About the Blog:

Guelph Politico is locally sourced and dedicated to covering the political and cultural scene in the City of Guelph. Est. 2008.

Sunday, May 24, 2009

Saving Local TV

If you've been watching your local CTV or A-Channel station lately, then you know about their campaign to "Save Local TV." Well Saturday, CTV Southwestern Ontario in Kitchener held an open house to drum up support on their end, and by all accounts it seemed to be a rousing success.By the time I got to CTV's King St. location, just before 11 o'clock, there was already a line-up that extended around the front of the building and down the side. All that was involved was a basic tour of the newsroom and studio area; about five stops over 30 minutes. And for that, people lined up in the warming Saturday sun for about 30 minutes to an hour. (My wait was closer to 40 minutes.)

The crux of the situation is that ad revenues are way down for local TV stations, even in spite of the fact that satellite and cable companies are making billions just by carrying the channels. None of that money makes it back to the stations, however. And with time-shifting there's less incentive to tune into your local station when you can watch your favourite program anytime in a six-hour window.

If I may offer my two cents though, I think this is emblematic of deeper problem: how are you to encourage people to watch their local station when everything on it, with the exception of local newscasts, is exactly the same as the others? Sure, there may be one or two different programs squeezed in between network mandated programming line-ups, but there's actually very few hours in the day that a local station can call their own. Not to mention there's a real lack of separate identity: it's CTV Southwestern Ontario now, not CKCO Kitchener. The irony is, in the case of the A-Channel stations at least, that before being folded into the A-Channel network, all those stations were pretty individualistic.

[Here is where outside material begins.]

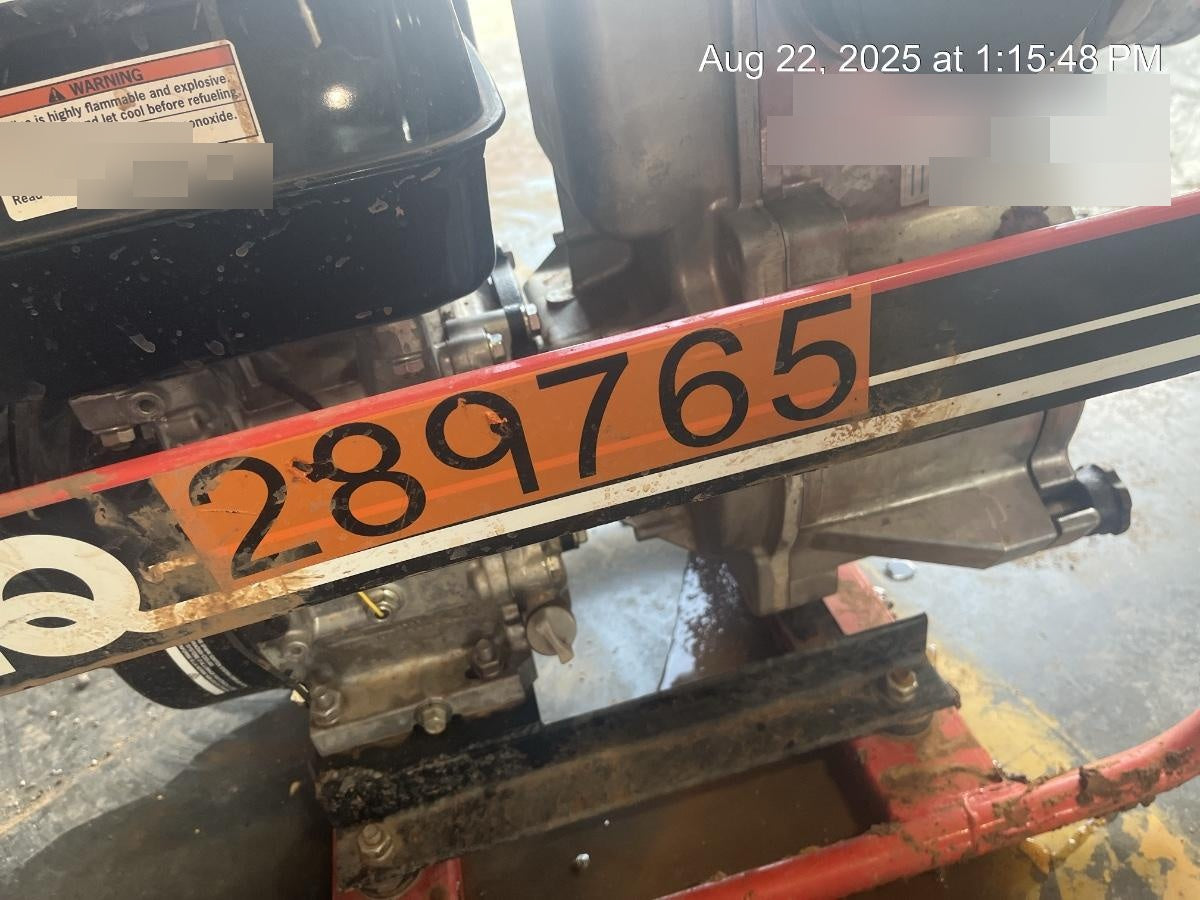 2023 MULTIQUIP QP3TH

But no matter how we got here, the point is still important and timely. At the very least, information that affects you daily, that has or will have an immediate impact on your life, will be seen on your local newscast. It's like why I say voting in municipal elections is important: it's where 99 per cent of the things that affect you a daily basis happen. The national news covers national issues, you want to know about school funding, property taxes, local festivals and sports, you go to your local TV station. It's worth saving and supporting.